What you need to do: Repeat exactly the line that contains "a view of hallway with wooden floor" and every line after it, down to the last line of the entries below. Do not include pictures.

Web page caption snippets

● ● ● ● ● ● ●

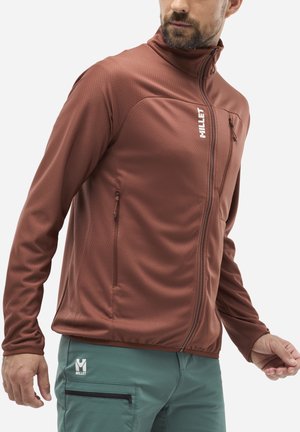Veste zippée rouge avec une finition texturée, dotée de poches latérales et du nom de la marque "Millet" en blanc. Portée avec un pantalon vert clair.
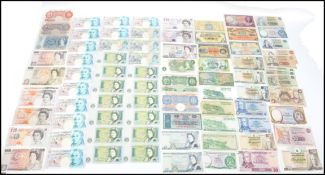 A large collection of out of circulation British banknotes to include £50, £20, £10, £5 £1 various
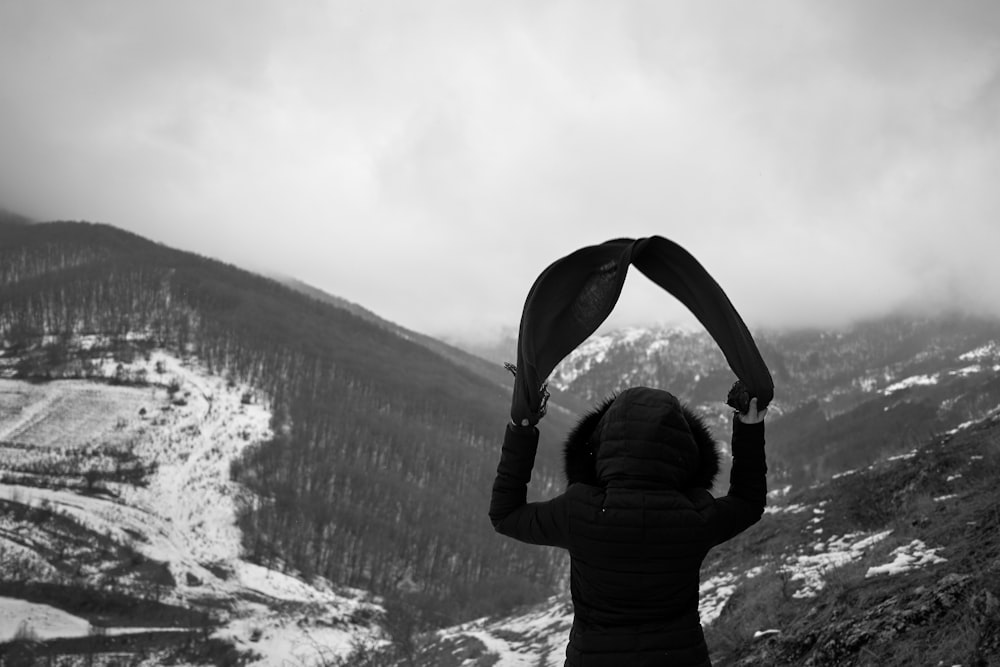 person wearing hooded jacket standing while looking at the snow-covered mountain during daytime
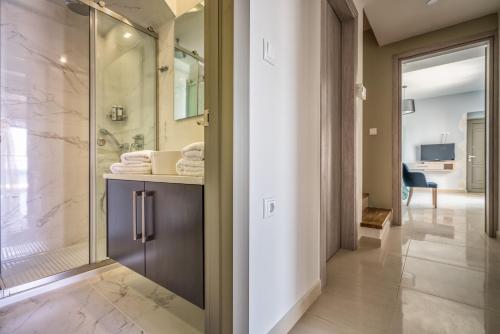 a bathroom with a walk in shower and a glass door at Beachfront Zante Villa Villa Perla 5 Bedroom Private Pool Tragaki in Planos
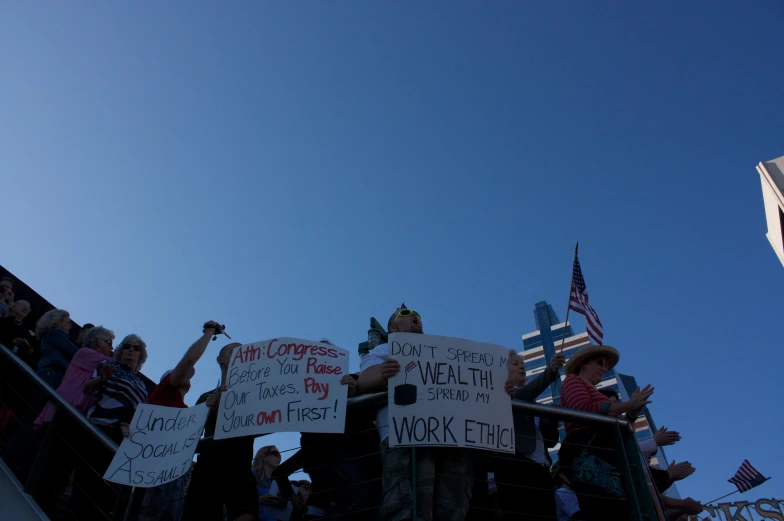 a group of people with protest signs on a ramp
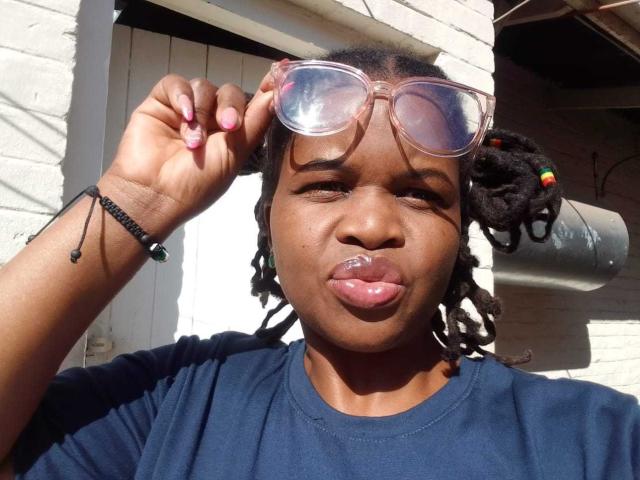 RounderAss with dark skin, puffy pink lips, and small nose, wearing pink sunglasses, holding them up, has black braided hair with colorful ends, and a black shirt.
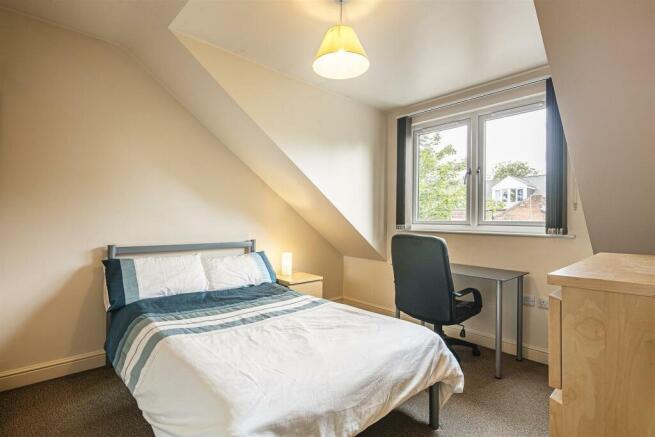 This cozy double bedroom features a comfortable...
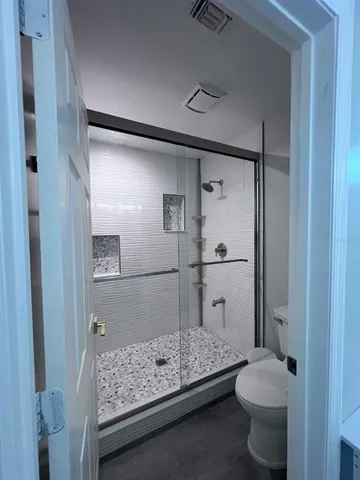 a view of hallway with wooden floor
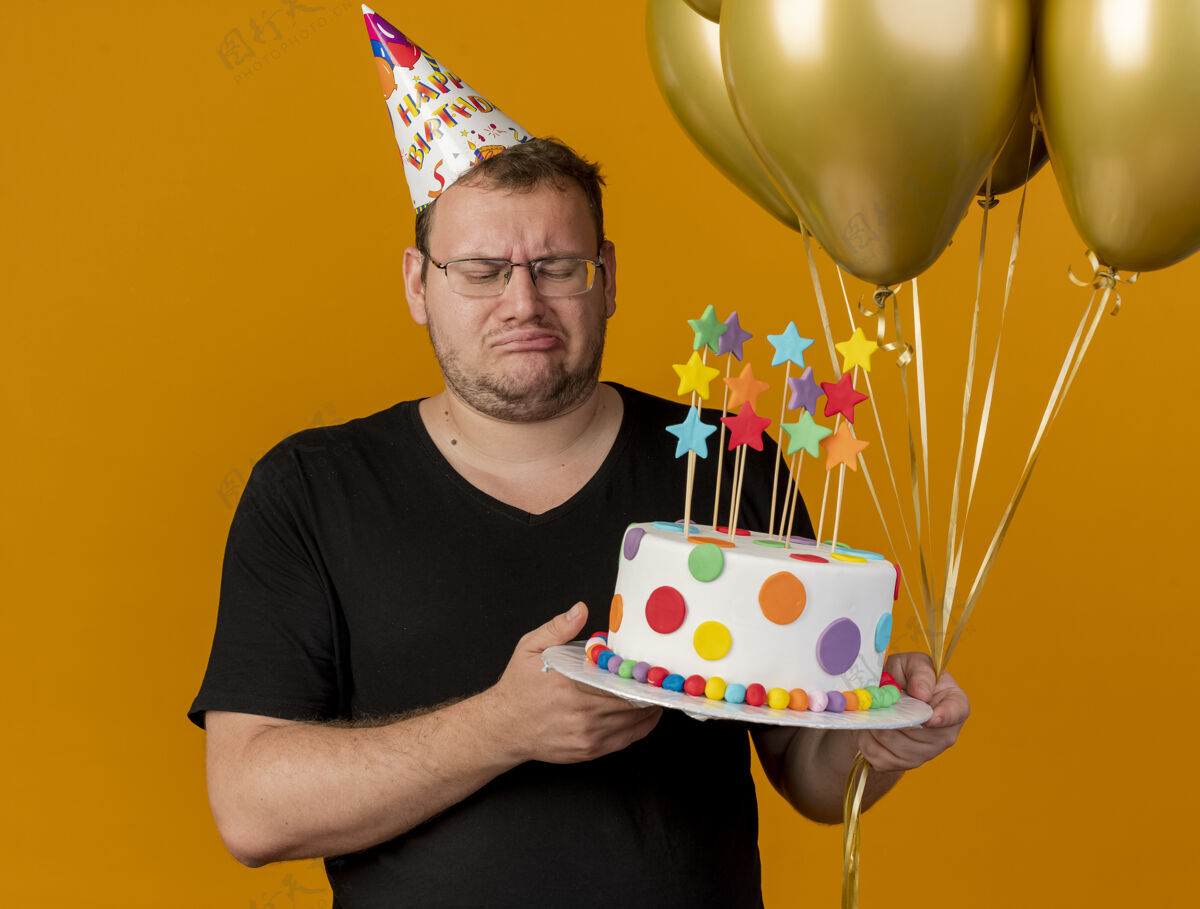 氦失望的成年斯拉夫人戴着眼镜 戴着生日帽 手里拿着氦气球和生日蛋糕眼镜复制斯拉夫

● ● ● ● ● ● ●

Written solution:
 a view of hallway with wooden floor
 氦失望的成年斯拉夫人戴着眼镜 戴着生日帽 手里拿着氦气球和生日蛋糕眼镜复制斯拉夫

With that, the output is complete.